One time, Richard and I had a rare disagreement. He had a concept for a possible conference for the center, yet I just wasn’t buying it. However, over time, Richard’s good-natured excitement moved me from skeptic to devotee. Even now, I think only Richard Parker could have talked me into supporting a fracking conference in Connecticut, a state without any fracking! (The resulting event was so popular that our largest law school facility had overflow rooms and crammed hallways that day.)
When Richard fell ill, he assigned to his International Environmental Law students the recordings from the prior year’s class as a stop-gap measure. In his absence, I decided to hold abbreviated live discussion sessions for those students, using Richard’s recorded materials as the foundation.
Playing the recordings in my car, I was struck by how Richard moved seamlessly, from student to student, absorbing and integrating their thoughts into his replies. As the audio played on, I could hear first Richard and then the students becoming more and more animated.
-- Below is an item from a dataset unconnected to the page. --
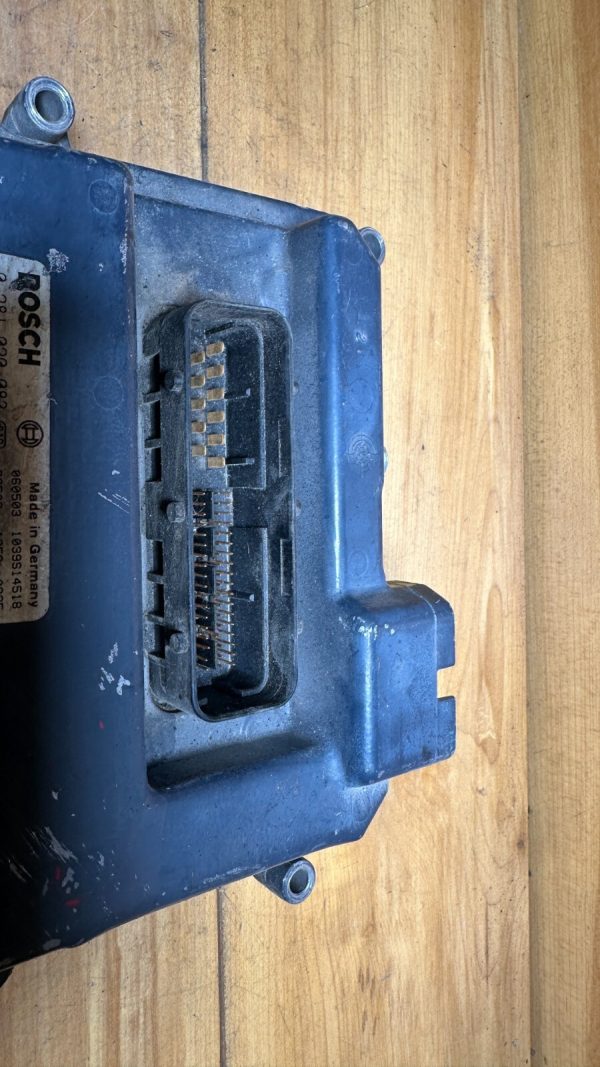 12MS534M Mack E7 Control Module 2004-2007 OEM - Image 4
Of course, the subject was a topic Richard had been teaching for decades – but the energy building through the back and forth made it all seem brand new.
Reflecting back on this and the other reflections, it occurs to me that Richard’s gift, particularly as an educator, was more than just his enthusiasm, but his ability to transfer just a bit of that energy to us.
Richard Parker was a brilliant scholar and teacher, a capacious and creative mind, and someone who truly cared.
He will be missed.
Joseph Allan MacDougald is a Professor in Residence and Executive Director of the Center for Energy & Environmental Law at the University of Connecticut School of Law.